I tried to search for some post of Cor speaking about it but I cannot find anything on the forum


----------



## Kevin Sharpe (Jul 4, 2011)

greenheaven said:


> I don't meant to swap cells from a battery pack to another one. I meant to buy NEW pouch cells of the same dimensions of the old one and replace them....


If you take a look at the following thread you'll see the pouch cell interconnects are welded together and it would be difficult to replicate this. Indeed in the "Gen 2" battery the pouch cells appear to be glued together.

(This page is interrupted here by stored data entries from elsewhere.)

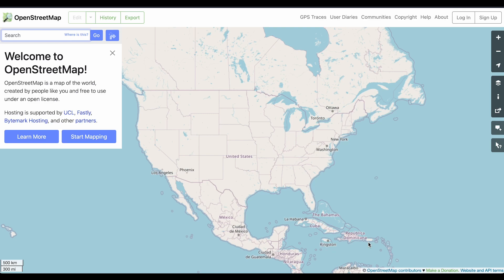Hey, this is Doug, the developer of Caddy App, and this is going to be a hopefully quick video on how you can map courses, golf courses, using OpenStreetMap.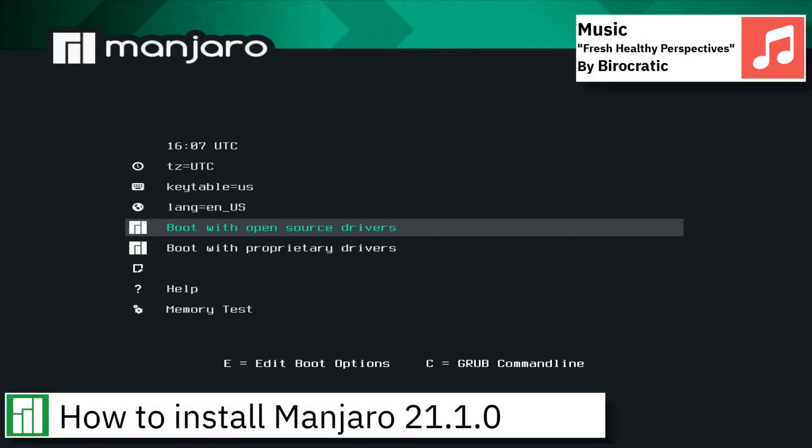Welcome, on today's video I am going to show how to install Manjaro Linux 21.1.0.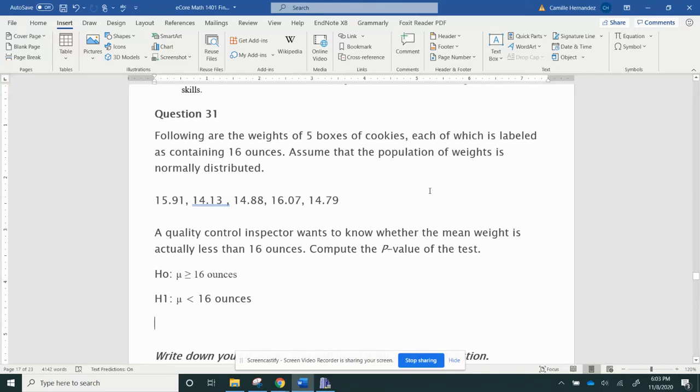Hi, so we're going to do 31 and 32, which is t-test because I do not have a population standard deviation.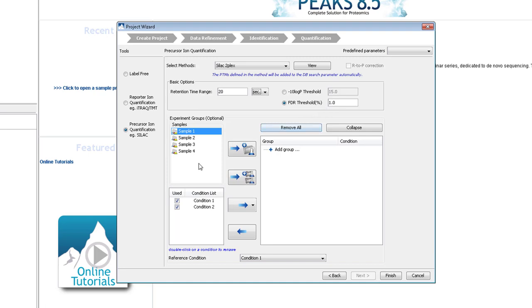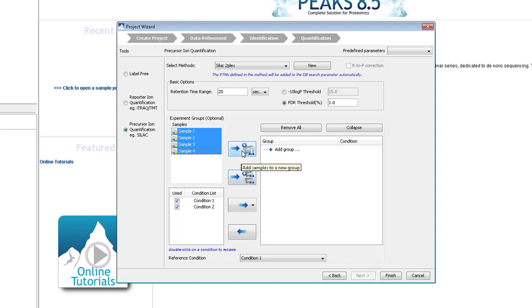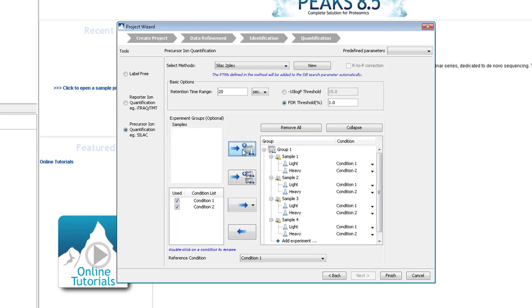Remembering this experiment's design, each of the four samples is a replicate. So, add them all to the same group by holding Shift and selecting all the files. Click the top blue button to add the samples to the right.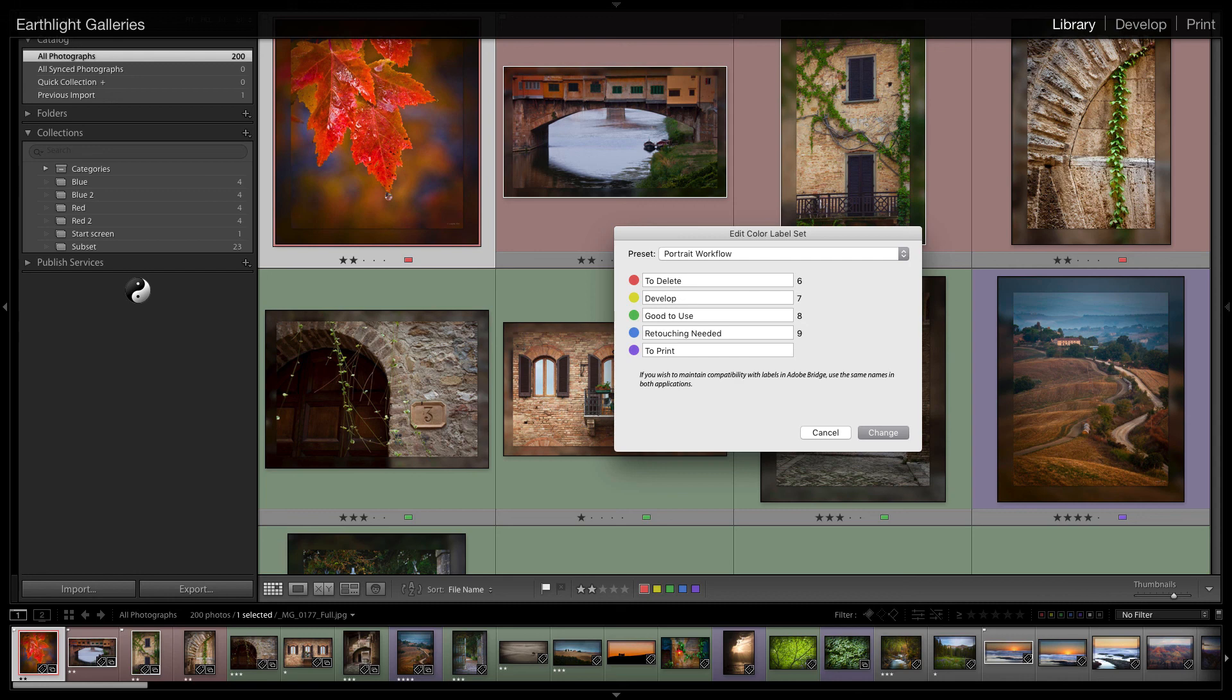So anyway that's how you can use the status indicators to speed up your workflow in Lightroom and hopefully helps you understand what labels actually are. They're really not colors but they're an actual label and the colors are just easy ways to indicate in the view which one you might have selected. Well thanks for listening.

http://www.diyelectriccar.com/forums/showthread.php?t=163170

IMO it's much easier to work with the new modules and design a battery pack that fits on your 'old' Leaf.



greenheaven said:


> there is a way to hack the (car or BMS) software in order to re-match the car to BMS with the new capacity of battery?


I'm not aware of anyone who has tried this and you'll need access to the Nissan Consult 3 diagnostic hardware/software (warning this is expensive) and be prepared to end up with a disabled Leaf.

I do know that Mike Schooling built a range extended Leaf with two battery packs and two BMS's.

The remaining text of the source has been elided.